TEMPO.CO, Malang - Dua hari lagi Eni Lestari Andayani Adi menjadi tenaga kerja wanita Indonesia pertama yang berpidato dalam sesi pembukaan Konferensi Tingkat Tinggi Perserikatan Bangsa-Bangsa tentang Migran dan Pengungsi (High Level Summit on Migrant’s and Refugees) ke-71 di New York, Amerika Serikat, pada 19 September 2016.
Eni Lestari berasal Desa Minggiran, Kecamatan Papar, Kabupaten Kediri, Jawa Timur, yang hampir 17 tahun bekerja di Hong Kong. Dia aktif di banyak organisasi buruh migran, antara lain Jaringan Buruh Migran Indonesia (JBMI) Hong Kong dan kini mengetuai International Migrant’s Alliance atau IMA.
IMA merupakan aliansi formal buruh migran yang terbentuk di Hong Kong pada 2008 dan kini beranggotakan 120 organisasi buruh migran dari 32 negara di Asia, Afrika, dan Amerika Latin.

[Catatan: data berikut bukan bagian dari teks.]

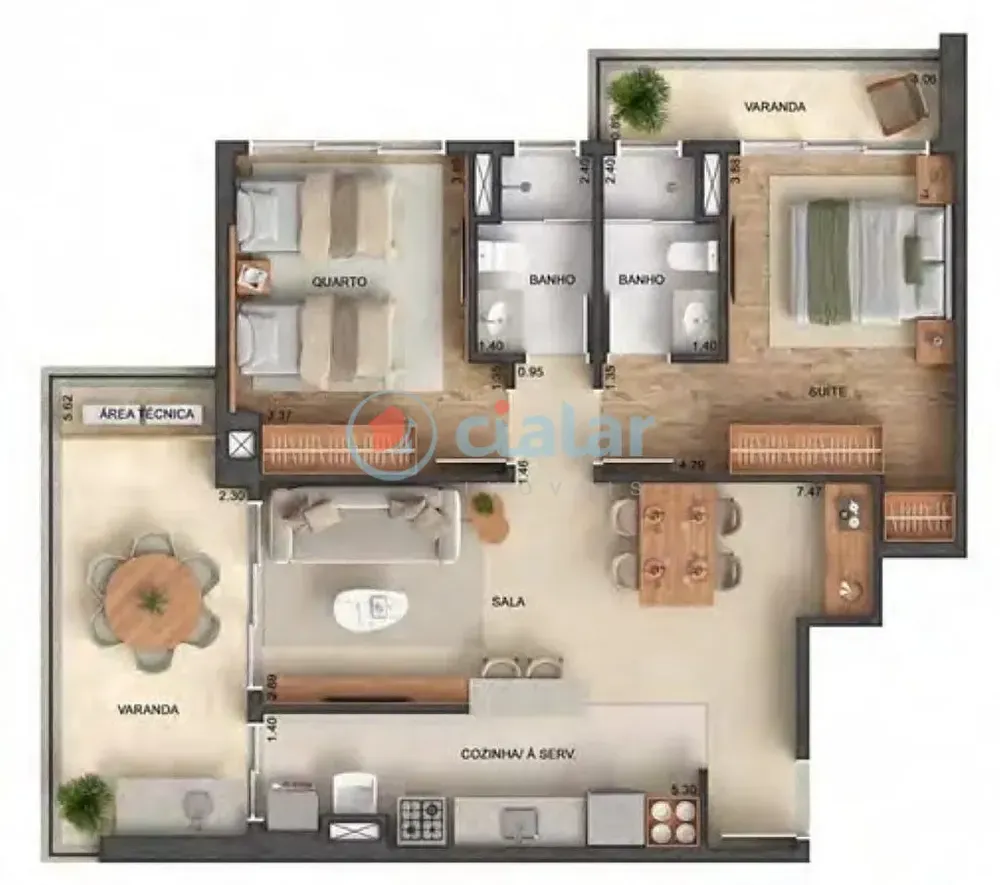 Apartamento, 2 quartos, 90 m² - Foto 13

“Saya diberi waktu 3 menit untuk berpidato dalam sesi opening KTT PBB, bergantian dengan dua aktivis HAM dari Irak dan Suriah. Kami akan berpidato dalam perspektif perbudakan dan perdagangan manusia (human trafficking), serta pengungsi,” kata Eni Lestari kepada Tempo, Sabtu, 17 September 2016.
Nantinya Eni tampil bergantian dengan aktivis dari Irak (Nadia Murad Basee Taha alias Nadia Taha) dan Suriah (Mohammed Badran), yang masing-masing bekerja di Jerman dan Belanda.
Nadia mewakili Yazda, organisasi global etnis Yazidi yang berbasis di Amerika Serikat. Sedangkan Badran mewakili Syirian Volunteers in the Netherland atau SYVNL. Nadia dan Badran juga mendapat waktu tiga menit untuk berpidato.
Pidato mereka akan disaksikan 1.900 hadirin, yang terdiri dari para pemimpin PBB, kepala negara, menteri, masyarakat sipil, sektor swasta, organisasi internasional, dan akademisi.
Eni mengatakan, dia akan menyuarakan tiga isu, yaitu menuntut semua negara mengutamakan hak dan kesejahteraan buruh migran, negara penerima buruh migran diminta tidak menempatkan mereka sebagai masyarakat kelas dua, serta negara pengirim jangan membiarkan praktek ekploitasi dan perdagangan manusia (human trafficking) terhadap buruh migran.
Menurut Eni, selama ini buruh migran mengalami diskriminasi dan terisolasi. Diskriminasi membuat buruh migran—bukan hanya buruh migran Indonesia—sering mengalami kekerasan fisik dan bahkan sampai dibunuh.
Banyak buruh migran yang hidupnya terkungkung oleh beban kerja yang sangat berat dan cenderung tidak manusiawi sehingga mereka sangat kesulitan mendapat kesempatan untuk berkumpul bersama teman-temannya.
Ketidakberdayaan buruh migran merupakan akumulasi dari praktek jahat perdagangan manusia yang dilakukan perusahaan pengirim dan agennya. Parahnya, para buruh migran yang tak berdaya justru dimanfaatkan sindikat narkoba.
Sindikat ini menawarkan sejumlah uang agar sang buruh migran bisa melunasi utang-utang, misalnya. Sebagai imbalan, si buruh migran dirayu dan bahkan dipaksa melakukan pekerjaan yang sebenarnya tidak mereka ketahui. Mereka dijebak.
Eni Lestari dan kawan-kawan sudah mencoba menguak kebusukan perusahaan pengirim dan agen, serta sindikat narkoba, dengan terus mengadvokasi kasus Mary Jane Veloso, terpidana mati asal Filipina, dan Merry Utami, terpidana mati asal Indonesia. Mereka buruh migran yang diduga kuat menjadi korban dalam kasus perdagangan narkotika antarnegara.